Independence and self-determination are historically significant parts of the American dream, and are manifested in government support of farming and homesteading prior to industrialization and manufacturing jobs after industrialization. Hyman said: “We should not be romanticizing manufacturing jobs. For many that were excluded from these jobs, especially women and African-Americans, the rest of the economy was not so glorious. But even for the white men with good manufacturing paychecks, working on an assemblyline or in a mine was dehumanizing, back-breaking and, most importantly, soul-breaking work. Humans should never do the work of machines. So as we think about policies that promote independent income, it might not look like the 19th or 20th centuries. Rather, being creative, caring and curious is what will define the human in the 21st century.”

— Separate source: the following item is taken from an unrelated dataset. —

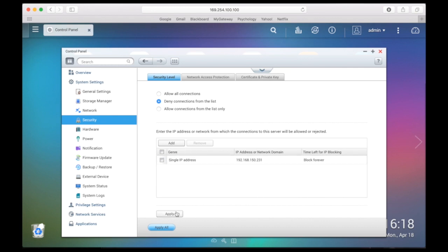After applying your settings, your NAS will only allow access to the specified IPs that you chose.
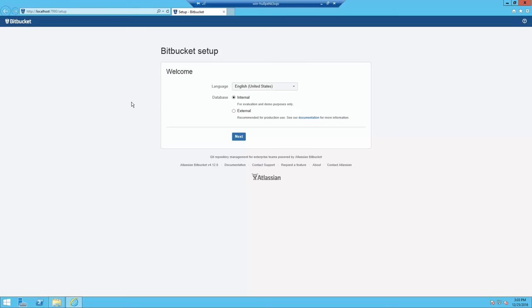If you see this screen, installation was successful. You're now ready to configure your trial edition of Atlassian Bitbucket's server.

Hyman’s research focuses on the history of capitalism in the United States, and he is currently completing a book on the rise of temporary labor in the postwar U.S. and its effects on the organization of American corporations. Technological change is part of the history of capitalism, Hyman said. Rather than automation or any particular technology, what is truly different about the 21st century is the decline in relevance of the corporation and the rise of the independent workforce.

“It is no surpise that in conversations about automation we often slip into a conversation about freelancers and the gig economy, about how Americans are working,” Hyman said. “From 2005 to 2015, 94 percent of net new jobs came outside of the traditional realm of full-time permament employment. These jobs are for contractors, consultants, temps, freelancers and comprise nearly all of the economic growth of the second industrial revolution. The world of the wage is giving way to the world of the independent workforce.” In terms of productivity, he said, this reorganization of labor is just as shocking as the technology itself.

The larger question, according to Hyman, is the type of work that humans should be doing in the age of automation. “My belief is that every human is capable of doing more creative, caring and curious work. Just as we don’t all go out to the fields to thrash the wheat, we should let robots fold our towels. By not taking advantage of these human resources, we are squandering our resources just as we are our natural resources,” he said. “The challenge of the 21st century will not be defending our robot-like jobs, but discovering what is valuable in being human.”

Rachel Rhodes is a public affairs and media relations specialist in Cornell’s Washington, D.C., office.